What needs to be done: Would you repeat the entries beneath, with nothing changed?
▬▬▬▬▬▬
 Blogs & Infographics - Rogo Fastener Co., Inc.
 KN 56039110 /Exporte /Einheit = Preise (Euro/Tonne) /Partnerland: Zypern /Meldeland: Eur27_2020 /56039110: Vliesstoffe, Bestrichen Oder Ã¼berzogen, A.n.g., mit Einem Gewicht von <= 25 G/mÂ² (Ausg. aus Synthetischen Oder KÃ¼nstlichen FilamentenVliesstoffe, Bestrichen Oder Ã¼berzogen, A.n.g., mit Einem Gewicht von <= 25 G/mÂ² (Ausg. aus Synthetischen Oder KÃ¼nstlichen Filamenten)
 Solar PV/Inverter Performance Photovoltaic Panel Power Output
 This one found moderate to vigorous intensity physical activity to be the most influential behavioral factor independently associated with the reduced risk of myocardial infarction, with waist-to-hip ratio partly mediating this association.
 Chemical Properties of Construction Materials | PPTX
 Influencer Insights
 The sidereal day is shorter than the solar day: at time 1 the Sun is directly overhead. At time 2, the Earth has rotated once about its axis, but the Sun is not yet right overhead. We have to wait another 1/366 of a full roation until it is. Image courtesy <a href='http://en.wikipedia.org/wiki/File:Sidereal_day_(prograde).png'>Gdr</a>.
▬▬▬▬▬▬
Solution to this exercise:
 Blogs & Infographics - Rogo Fastener Co., Inc.
 KN 56039110 /Exporte /Einheit = Preise (Euro/Tonne) /Partnerland: Zypern /Meldeland: Eur27_2020 /56039110: Vliesstoffe, Bestrichen Oder Ã¼berzogen, A.n.g., mit Einem Gewicht von <= 25 G/mÂ² (Ausg. aus Synthetischen Oder KÃ¼nstlichen FilamentenVliesstoffe, Bestrichen Oder Ã¼berzogen, A.n.g., mit Einem Gewicht von <= 25 G/mÂ² (Ausg. aus Synthetischen Oder KÃ¼nstlichen Filamenten)
 Solar PV/Inverter Performance Photovoltaic Panel Power Output
 This one found moderate to vigorous intensity physical activity to be the most influential behavioral factor independently associated with the reduced risk of myocardial infarction, with waist-to-hip ratio partly mediating this association.
 Chemical Properties of Construction Materials | PPTX
 Influencer Insights
 The sidereal day is shorter than the solar day: at time 1 the Sun is directly overhead. At time 2, the Earth has rotated once about its axis, but the Sun is not yet right overhead. We have to wait another 1/366 of a full roation until it is. Image courtesy <a href='http://en.wikipedia.org/wiki/File:Sidereal_day_(prograde).png'>Gdr</a>.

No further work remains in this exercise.